English · Español

Phase 26 — Quizzes¶

🇪🇸 Espejo legible de data/quizzes/phase-26-quantization.yaml. Respuestas detrás de bloques <details> para autoevaluación sin spoilers.

Source of truth: data/quizzes/phase-26-quantization.yaml.

q-26-01 — Why quantization is not the same as compression (free)¶

In one sentence, why is INT8 weight quantization a roofline optimization and not merely a disk-compression scheme?

Answer

Quantization reduces the **bytes** loaded per FLOP during every forward pass, raising arithmetic **intensity** on a memory-bound kernel. Compression reduces disk size only.

q-26-02 — Per-tensor vs per-channel scales¶

You quantize a Linear weight W (out × in) to INT8. Which scale granularities are legitimate defaults for production models, and which one is bounded against per-row outliers?

Per-tensor (one scalar for the whole W)
Per-channel (one scale per output row)
Per-element (one scale per weight; identical to FP32)
Per-group (one scale per K-element block within a row)

Answer

**Choices 2 and 4.** Per-channel and per-group bound per-row error and are the production defaults. Per-tensor is the failure mode LLM.int8() addresses; per-element collapses back to FP32.

q-26-03 — The Pareto frontier knee on Mini-GPT¶

For Mini-GPT's int8-w vs int8-wa variants (theory 05-pareto-frontier-worked.md), what is the rough size of the additional decode-latency win when adding activation quantization on top of weight-only INT8?

≈ 50% additional speedup, justifying the PPL hit
≈ 10% additional speedup, smaller than the PPL hit
≈ 4× additional speedup, like weights to INT8 over FP32
No additional speedup; activations are already small

Answer

**Choice 2.** Activation share of bytes is small for Mini-GPT's hidden dims. The 10% latency gain is real but smaller than the 4-5% PPL hit — making `int8-w` the default and `int8-wa` the Pareto knee.

q-26-04 — GPTQ vs round-to-nearest¶

GPTQ's quantization step differs from naive round-to-nearest in one essential way. Which of the following describes it most precisely?

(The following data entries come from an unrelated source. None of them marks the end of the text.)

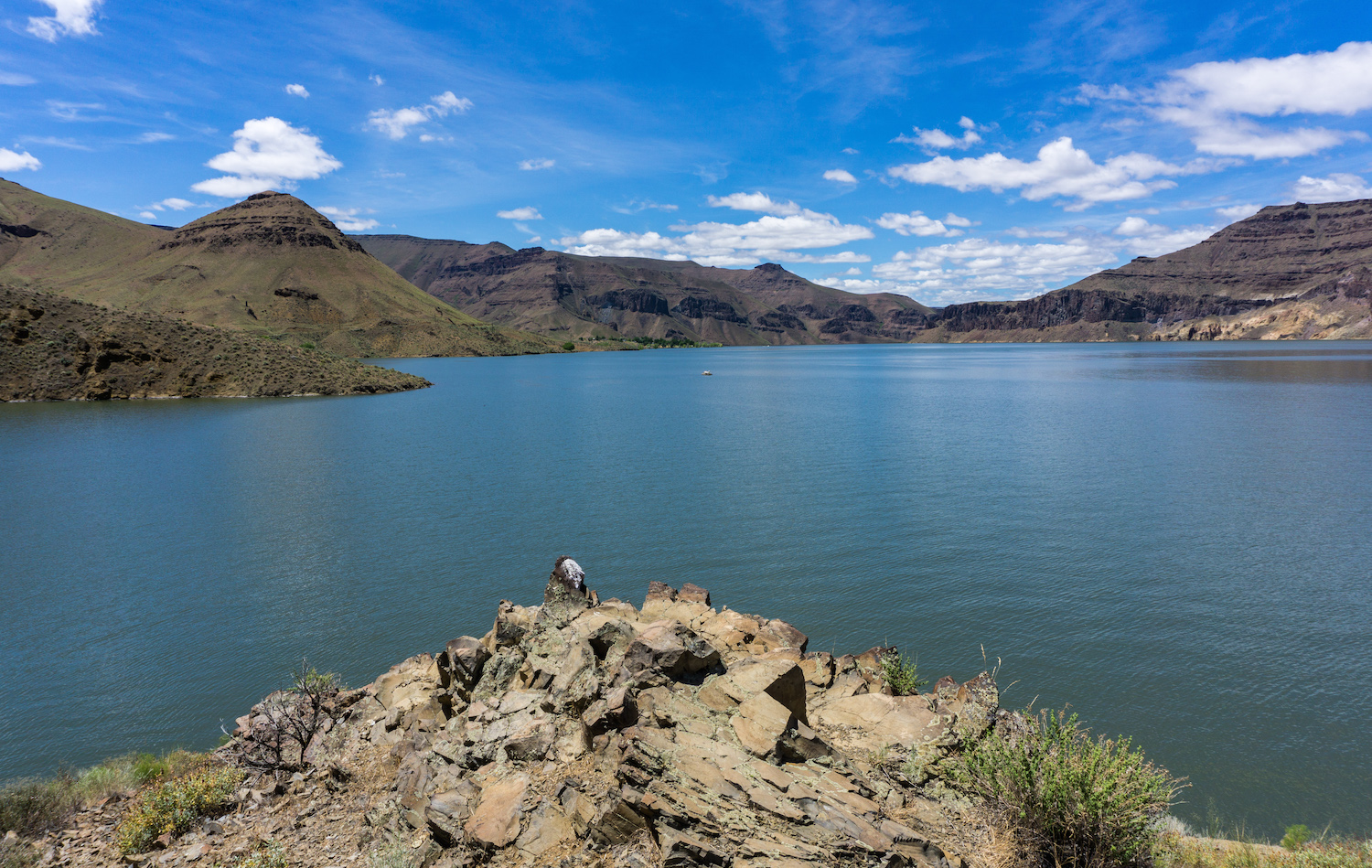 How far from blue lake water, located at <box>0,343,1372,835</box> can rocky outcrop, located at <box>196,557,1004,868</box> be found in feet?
20.8

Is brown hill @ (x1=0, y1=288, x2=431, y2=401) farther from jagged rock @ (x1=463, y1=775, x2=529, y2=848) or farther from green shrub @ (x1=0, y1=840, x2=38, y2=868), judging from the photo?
jagged rock @ (x1=463, y1=775, x2=529, y2=848)

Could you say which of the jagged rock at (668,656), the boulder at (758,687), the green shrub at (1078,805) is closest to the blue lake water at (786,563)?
the green shrub at (1078,805)

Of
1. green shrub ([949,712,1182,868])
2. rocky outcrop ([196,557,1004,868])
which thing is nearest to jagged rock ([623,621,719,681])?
rocky outcrop ([196,557,1004,868])

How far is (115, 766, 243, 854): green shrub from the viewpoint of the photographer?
34.6 ft

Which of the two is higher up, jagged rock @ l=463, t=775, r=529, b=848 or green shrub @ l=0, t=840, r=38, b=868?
jagged rock @ l=463, t=775, r=529, b=848

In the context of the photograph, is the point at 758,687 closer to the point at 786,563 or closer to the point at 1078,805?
the point at 1078,805

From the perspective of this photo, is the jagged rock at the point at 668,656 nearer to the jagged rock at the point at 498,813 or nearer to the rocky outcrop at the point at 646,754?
the rocky outcrop at the point at 646,754

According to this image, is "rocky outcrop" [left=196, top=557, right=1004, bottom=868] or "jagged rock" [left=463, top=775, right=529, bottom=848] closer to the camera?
"rocky outcrop" [left=196, top=557, right=1004, bottom=868]

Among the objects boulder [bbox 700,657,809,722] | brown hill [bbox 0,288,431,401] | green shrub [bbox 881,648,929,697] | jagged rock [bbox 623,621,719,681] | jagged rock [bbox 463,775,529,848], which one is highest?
brown hill [bbox 0,288,431,401]

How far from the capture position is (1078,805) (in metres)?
8.80

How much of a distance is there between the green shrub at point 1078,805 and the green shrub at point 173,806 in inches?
510

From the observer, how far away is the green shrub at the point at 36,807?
1081cm

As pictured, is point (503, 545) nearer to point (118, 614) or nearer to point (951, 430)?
point (118, 614)

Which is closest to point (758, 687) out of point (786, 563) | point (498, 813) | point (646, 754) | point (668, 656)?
point (668, 656) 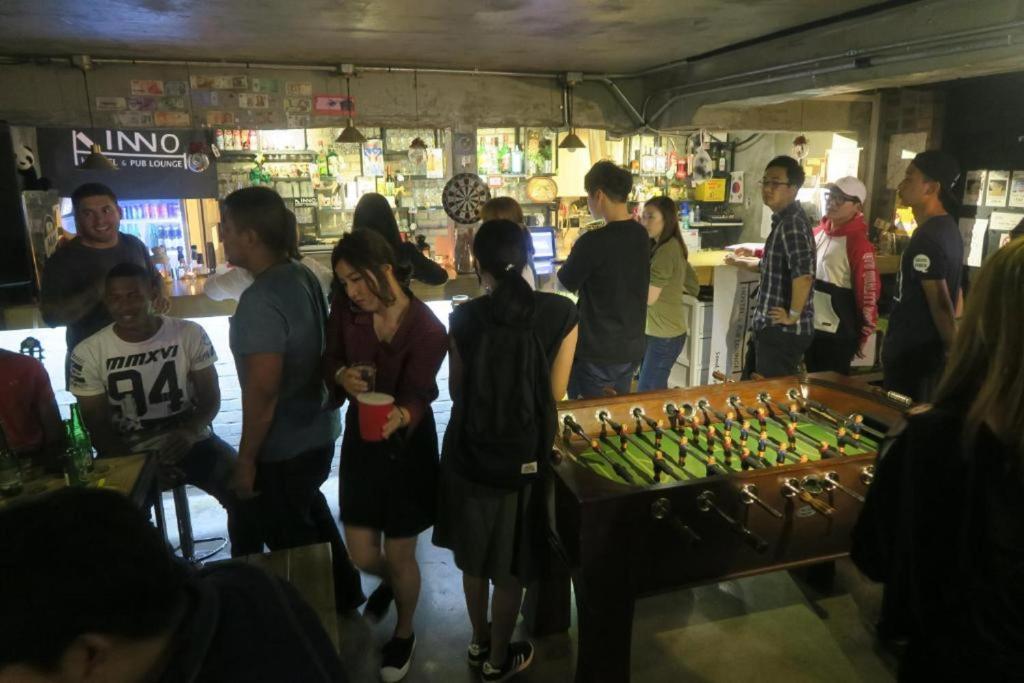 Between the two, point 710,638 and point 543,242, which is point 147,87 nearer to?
point 543,242

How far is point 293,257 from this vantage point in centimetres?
234

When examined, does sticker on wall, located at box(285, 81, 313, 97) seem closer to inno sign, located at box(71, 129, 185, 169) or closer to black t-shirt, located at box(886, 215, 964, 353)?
inno sign, located at box(71, 129, 185, 169)

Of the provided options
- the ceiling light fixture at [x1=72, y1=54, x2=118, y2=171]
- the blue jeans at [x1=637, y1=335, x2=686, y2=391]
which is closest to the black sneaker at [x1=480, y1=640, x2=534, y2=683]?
the blue jeans at [x1=637, y1=335, x2=686, y2=391]

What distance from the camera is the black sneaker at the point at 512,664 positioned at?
91.7 inches

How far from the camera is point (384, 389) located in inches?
85.2

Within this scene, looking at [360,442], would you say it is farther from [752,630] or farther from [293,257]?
[752,630]

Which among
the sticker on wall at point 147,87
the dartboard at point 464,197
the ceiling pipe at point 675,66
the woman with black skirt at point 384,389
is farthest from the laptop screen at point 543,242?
the woman with black skirt at point 384,389

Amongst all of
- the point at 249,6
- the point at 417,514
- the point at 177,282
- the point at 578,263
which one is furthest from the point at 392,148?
the point at 417,514

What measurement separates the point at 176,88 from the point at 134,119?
40 cm

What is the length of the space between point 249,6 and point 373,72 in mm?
2184

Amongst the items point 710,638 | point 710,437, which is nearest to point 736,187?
point 710,437

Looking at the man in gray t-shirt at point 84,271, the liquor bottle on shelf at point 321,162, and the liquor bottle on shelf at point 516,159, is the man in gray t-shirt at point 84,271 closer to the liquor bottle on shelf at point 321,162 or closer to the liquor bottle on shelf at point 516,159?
the liquor bottle on shelf at point 321,162

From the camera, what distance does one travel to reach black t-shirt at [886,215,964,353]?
3297 millimetres

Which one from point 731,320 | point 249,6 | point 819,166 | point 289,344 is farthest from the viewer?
point 819,166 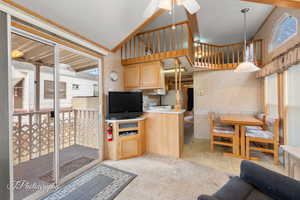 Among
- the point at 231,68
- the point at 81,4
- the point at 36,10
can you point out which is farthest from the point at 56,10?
the point at 231,68

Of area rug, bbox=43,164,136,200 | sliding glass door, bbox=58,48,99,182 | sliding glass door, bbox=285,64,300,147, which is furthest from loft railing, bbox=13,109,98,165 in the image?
sliding glass door, bbox=285,64,300,147

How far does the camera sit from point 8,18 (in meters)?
1.31

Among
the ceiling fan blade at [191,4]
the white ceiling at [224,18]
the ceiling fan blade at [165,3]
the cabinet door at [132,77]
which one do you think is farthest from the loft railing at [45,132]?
the white ceiling at [224,18]

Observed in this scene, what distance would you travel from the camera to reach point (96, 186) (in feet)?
5.91

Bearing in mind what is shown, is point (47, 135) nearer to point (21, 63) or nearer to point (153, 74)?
point (21, 63)

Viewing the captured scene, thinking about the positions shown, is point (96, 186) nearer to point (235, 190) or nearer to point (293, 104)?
point (235, 190)

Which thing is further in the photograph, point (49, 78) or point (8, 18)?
point (49, 78)

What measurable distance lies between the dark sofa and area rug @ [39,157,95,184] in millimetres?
2348

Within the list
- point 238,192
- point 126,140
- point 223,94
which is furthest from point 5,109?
point 223,94

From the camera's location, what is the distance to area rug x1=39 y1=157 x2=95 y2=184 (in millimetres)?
1958

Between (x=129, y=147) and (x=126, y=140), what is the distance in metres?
0.18

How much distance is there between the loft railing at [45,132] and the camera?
225 cm

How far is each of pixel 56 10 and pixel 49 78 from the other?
1.43m

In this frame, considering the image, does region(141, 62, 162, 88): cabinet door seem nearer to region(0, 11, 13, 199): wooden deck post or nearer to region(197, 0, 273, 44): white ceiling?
region(197, 0, 273, 44): white ceiling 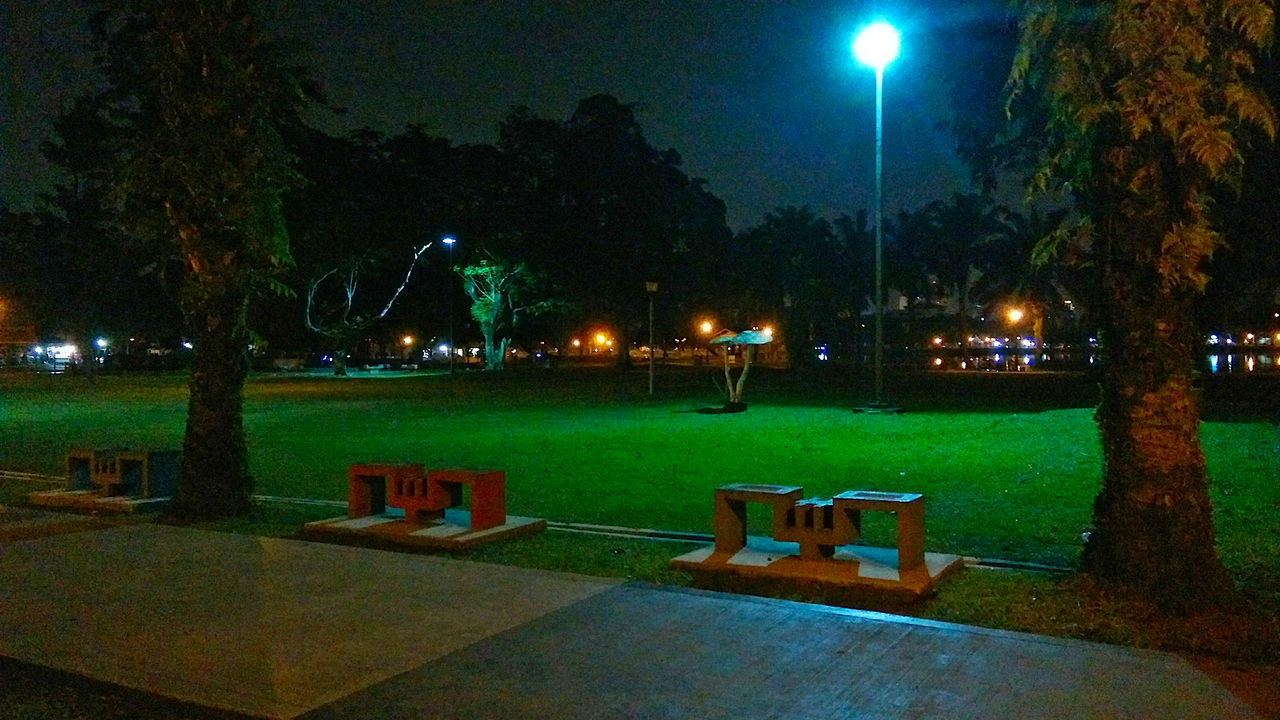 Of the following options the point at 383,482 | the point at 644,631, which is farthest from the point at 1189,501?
the point at 383,482

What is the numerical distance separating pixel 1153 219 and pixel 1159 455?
1.52 metres

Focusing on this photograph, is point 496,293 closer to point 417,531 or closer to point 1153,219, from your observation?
point 417,531

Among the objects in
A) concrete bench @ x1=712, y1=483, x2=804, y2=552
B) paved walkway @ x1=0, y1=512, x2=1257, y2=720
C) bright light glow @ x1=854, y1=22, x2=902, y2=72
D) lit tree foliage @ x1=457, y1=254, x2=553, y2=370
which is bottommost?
paved walkway @ x1=0, y1=512, x2=1257, y2=720

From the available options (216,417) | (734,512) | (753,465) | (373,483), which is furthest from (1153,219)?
(753,465)

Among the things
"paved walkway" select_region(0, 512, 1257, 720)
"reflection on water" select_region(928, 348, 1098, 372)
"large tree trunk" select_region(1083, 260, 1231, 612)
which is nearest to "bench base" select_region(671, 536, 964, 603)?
"paved walkway" select_region(0, 512, 1257, 720)

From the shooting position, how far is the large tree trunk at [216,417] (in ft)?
39.1

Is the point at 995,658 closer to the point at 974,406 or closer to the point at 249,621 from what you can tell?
the point at 249,621

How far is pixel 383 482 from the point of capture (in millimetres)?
11336

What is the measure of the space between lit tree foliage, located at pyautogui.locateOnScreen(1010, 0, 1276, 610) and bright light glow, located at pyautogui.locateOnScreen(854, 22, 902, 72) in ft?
49.4

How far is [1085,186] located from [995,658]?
355cm

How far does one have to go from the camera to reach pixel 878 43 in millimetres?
21969

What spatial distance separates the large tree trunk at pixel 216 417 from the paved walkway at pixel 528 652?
2834 millimetres

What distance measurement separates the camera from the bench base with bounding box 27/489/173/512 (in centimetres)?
1241

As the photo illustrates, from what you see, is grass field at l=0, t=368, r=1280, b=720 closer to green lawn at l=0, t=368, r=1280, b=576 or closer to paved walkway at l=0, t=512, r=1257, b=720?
green lawn at l=0, t=368, r=1280, b=576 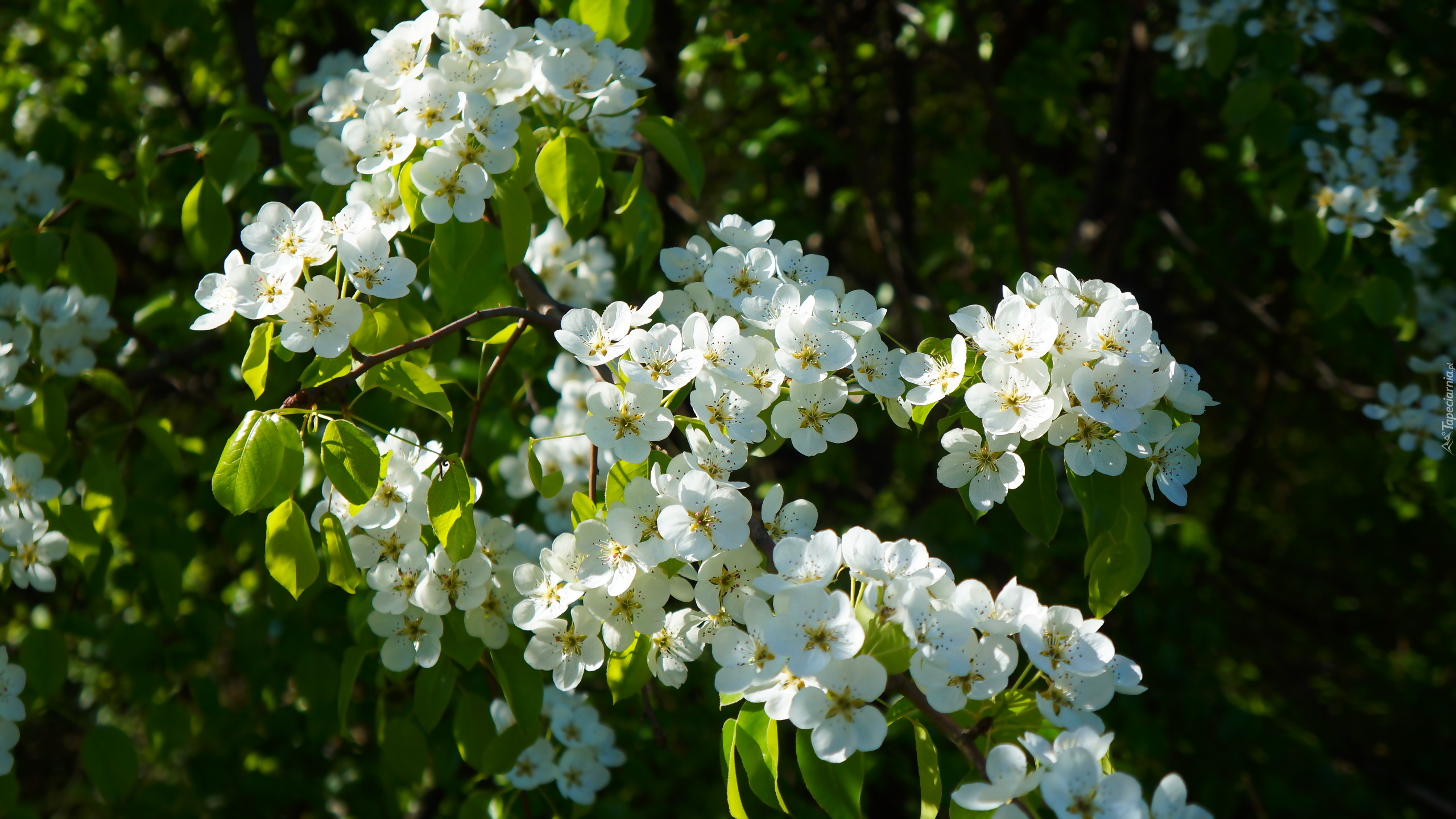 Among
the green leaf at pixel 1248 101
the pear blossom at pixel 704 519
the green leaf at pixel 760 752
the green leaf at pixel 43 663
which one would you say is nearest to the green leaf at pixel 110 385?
the green leaf at pixel 43 663

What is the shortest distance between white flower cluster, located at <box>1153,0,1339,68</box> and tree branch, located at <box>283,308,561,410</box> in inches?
86.5

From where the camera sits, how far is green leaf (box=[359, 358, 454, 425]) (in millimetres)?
1310

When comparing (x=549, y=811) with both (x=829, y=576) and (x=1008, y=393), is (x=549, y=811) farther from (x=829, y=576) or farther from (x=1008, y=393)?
(x=1008, y=393)

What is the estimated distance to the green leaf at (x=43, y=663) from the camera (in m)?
1.87

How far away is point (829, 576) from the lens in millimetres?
1140

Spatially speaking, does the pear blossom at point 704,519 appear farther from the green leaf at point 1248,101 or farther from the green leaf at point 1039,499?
the green leaf at point 1248,101

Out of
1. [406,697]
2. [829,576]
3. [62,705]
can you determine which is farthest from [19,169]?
[829,576]

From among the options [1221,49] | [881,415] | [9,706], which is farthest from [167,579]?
[1221,49]

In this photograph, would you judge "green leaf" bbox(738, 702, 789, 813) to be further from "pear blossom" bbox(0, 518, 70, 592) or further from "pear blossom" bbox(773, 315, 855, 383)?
"pear blossom" bbox(0, 518, 70, 592)

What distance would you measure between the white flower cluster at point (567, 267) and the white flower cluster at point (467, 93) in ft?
2.47

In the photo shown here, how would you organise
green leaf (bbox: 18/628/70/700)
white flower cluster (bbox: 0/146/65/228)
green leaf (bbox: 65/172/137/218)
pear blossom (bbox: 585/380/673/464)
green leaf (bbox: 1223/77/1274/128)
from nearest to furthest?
pear blossom (bbox: 585/380/673/464)
green leaf (bbox: 18/628/70/700)
green leaf (bbox: 65/172/137/218)
white flower cluster (bbox: 0/146/65/228)
green leaf (bbox: 1223/77/1274/128)

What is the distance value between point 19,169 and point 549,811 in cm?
198

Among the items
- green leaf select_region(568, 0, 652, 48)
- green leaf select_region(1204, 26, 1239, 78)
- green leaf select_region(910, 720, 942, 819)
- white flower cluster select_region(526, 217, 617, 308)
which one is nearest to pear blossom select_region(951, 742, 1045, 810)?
green leaf select_region(910, 720, 942, 819)

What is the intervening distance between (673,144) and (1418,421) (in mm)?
2194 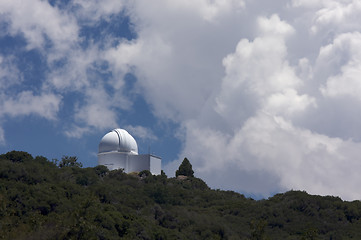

GPTQ uses INT4 instead of INT8.
GPTQ uses the Hessian of the activation distribution to redistribute rounding error to columns not yet quantized.
GPTQ trains the model further to compensate for quantization.
GPTQ stores weights in NF4 instead of INT4.

Answer

**Choice 2.** GPTQ greedily quantizes column-by-column and updates the remaining weights to compensate for the error introduced so far, weighted by the activation Hessian.

q-26-05 — When activation quantization helps most (free)¶

For which kind of layer does activation quantization (INT8 W+A vs INT8 W-only) yield the largest additional speedup, and why?

Answer

The **FFN expansion layer** (`in=d_model, out=4·d_model`) carries the largest activation in the model. Quantizing that activation reduces a meaningful fraction of bytes-loaded. In Mini-GPT the share is small (so the W+A win is small); in production transformers with `d_model ≥ 4096` it becomes decisive.